A porphodimethene chemical inhibitor of uroporphyrinogen decarboxylase

• Published in: PloS one Vol. 9; no. 2; p. e89889
• Main Authors: Yip, Kenneth W, Zhang, Zhan, Sakemura-Nakatsugawa, Noriko, Huang, Jui-Wen, Vu, Nhu Mai, Chiang, Yi-Kun, Lin, Chih-Lung, Kwan, Jennifer Y Y, Yue, Shijun, Jitkova, Yulia, To, Terence, Zahedi, Payam, Pai, Emil F, Schimmer, Aaron D, Lovell, Jonathan F, Sessler, Jonathan L, Liu, Fei-Fei
• Format: Journal Article
• Language: English
• Published: United States Public Library of Science 25.02.2014; Public Library of Science (PLoS)

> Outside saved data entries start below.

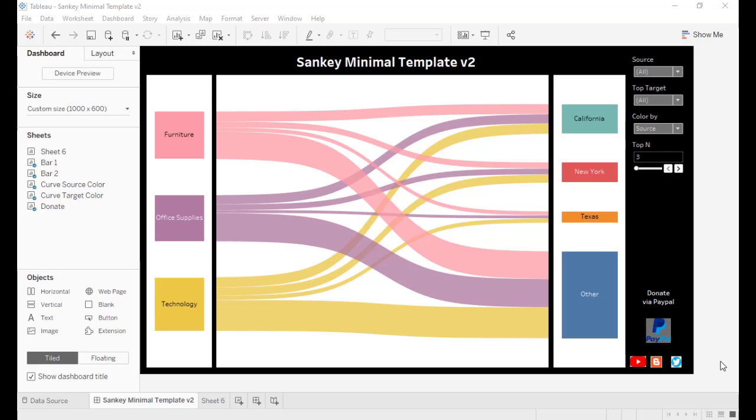Hi, welcome to Data Embassy. Today this video is about a new Sankey minimal template. This is an upgraded version from the previous one.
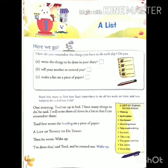Now start the chapter. One morning, Todd sat up in bed. I have many things to do, he said. I will write them all down in a list so that I can remember them. मैं इन सभी कामों ko सूची में लिख लूँगा, इससे मैं इन्हें याद रख पाऊँगा. Todd ने सबसे पहले कागज के एक टुकड़े पर शीर्षक लिखा: A list of things to do today. आज करने के लिए चीजों की सूची, या आज जो करना है उन कामों की सूची.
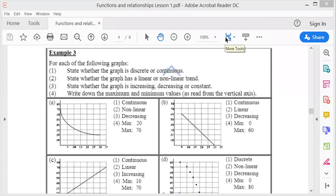Right, functions lesson one, video three, example number three. For each of the following graphs, state whether the graph is discrete or continuous, state whether the graph has a linear or non-linear trend, state whether the graph is increasing, decreasing, or constant, and write down the maximum and minimum values as read from the vertical axis.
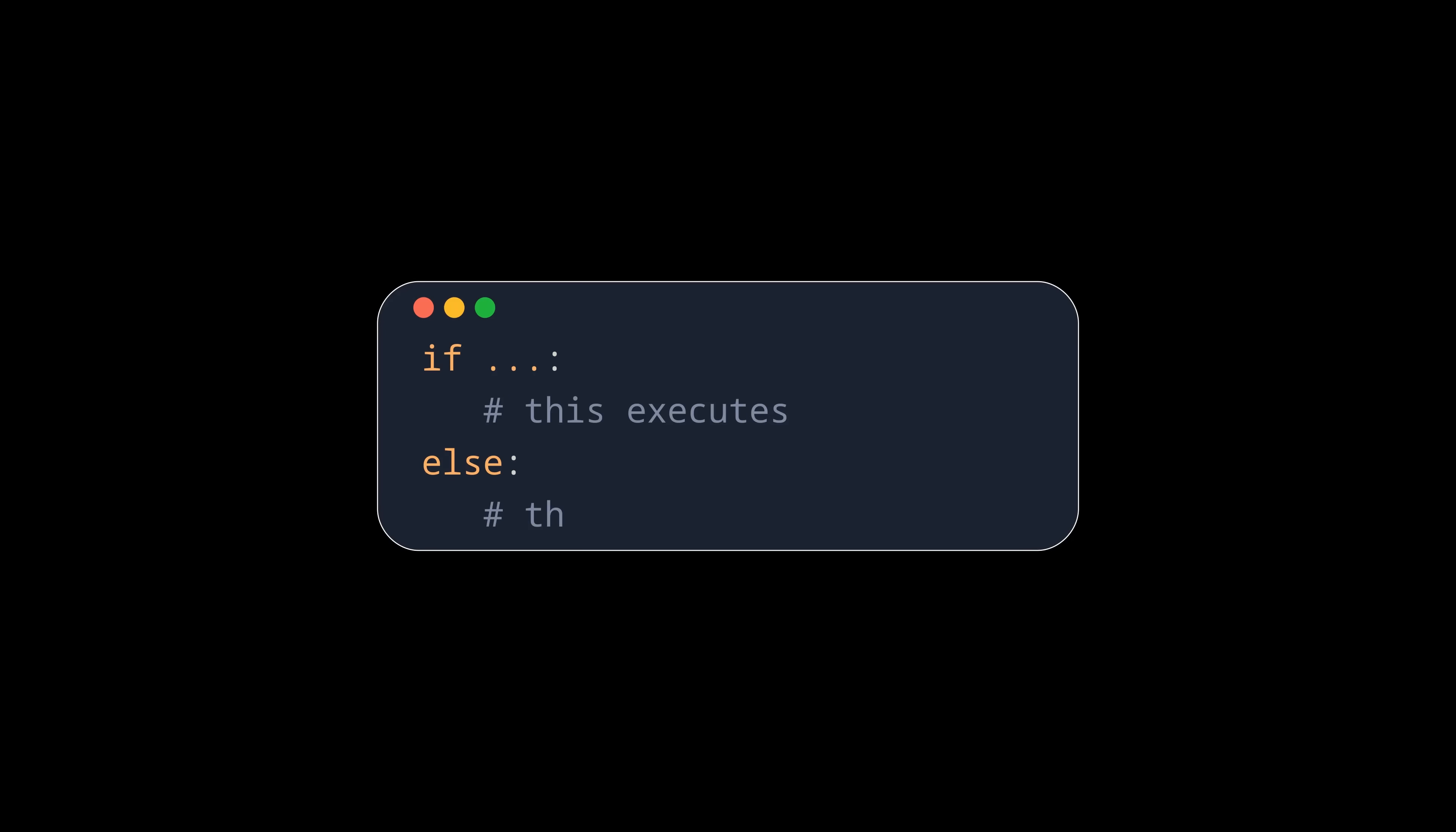And now some random trivia about ellipsis. Ellipsis evaluates to true. This may be surprising for some and completely reasonable to others, but it's good to know nonetheless.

• Subjects: Biology; Biophysics; Biosynthesis; Cancer; Cancer therapies; Cell Line, Tumor; Cell Survival - drug effects; Chemical properties; Chemistry; Chemotherapy; Cisplatin; Design; Docking; Drug delivery systems; Enzymes; Epithelial Cells - drug effects; Health care networks; Heme; Hemoglobin synthesis; Humans; Hydroxymethylbilane synthase; Inhibitors; Inhibitory Concentration 50; Medical research; Medicine; Models, Molecular; Molecular biology; Molecular Structure; Oxygen; Photodynamic therapy; Physiological aspects; Porphyrins - chemical synthesis; Porphyrins - chemistry; Porphyrins - pharmacology; Radiation; Radiation (Physics); Radiation therapy; Reactive oxygen species; Recombinant Proteins - chemistry; Recombinant Proteins - metabolism; Substrate Specificity; Uroporphyrinogen decarboxylase; Uroporphyrinogen Decarboxylase - antagonists & inhibitors; Uroporphyrinogen Decarboxylase - chemistry; Texas
• ISSN: 1932-6203; 1932-6203
• DOI: 10.1371/journal.pone.0089889

Uroporphyrinogen decarboxylase (UROD) catalyzes the conversion of uroporphyrinogen to coproporphyrinogen during heme biosynthesis. This enzyme was recently identified as a potential anticancer target; its inhibition leads to an increase in reactive oxygen species, likely mediated by the Fenton reaction, thereby decreasing cancer cell viability and working in cooperation with radiation and/or cisplatin. Because there is no known chemical UROD inhibitor suitable for use in translational studies, we aimed to design, synthesize, and characterize such a compound. Initial in silico-based design and docking analyses identified a potential porphyrin analogue that was subsequently synthesized. This species, a porphodimethene (named PI-16), was found to inhibit UROD in an enzymatic assay (IC50 = 9.9 µM), but did not affect porphobilinogen deaminase (at 62.5 µM), thereby exhibiting specificity. In cellular assays, PI-16 reduced the viability of FaDu and ME-180 cancer cells with half maximal effective concentrations of 22.7 µM and 26.9 µM, respectively, and only minimally affected normal oral epithelial (NOE) cells. PI-16 also combined effectively with radiation and cisplatin, with potent synergy being observed in the case of cisplatin in FaDu cells (Chou-Talalay combination index <1). This work presents the first known synthetic UROD inhibitor, and sets the foundation for the design, synthesis, and characterization of higher affinity and more effective UROD inhibitors.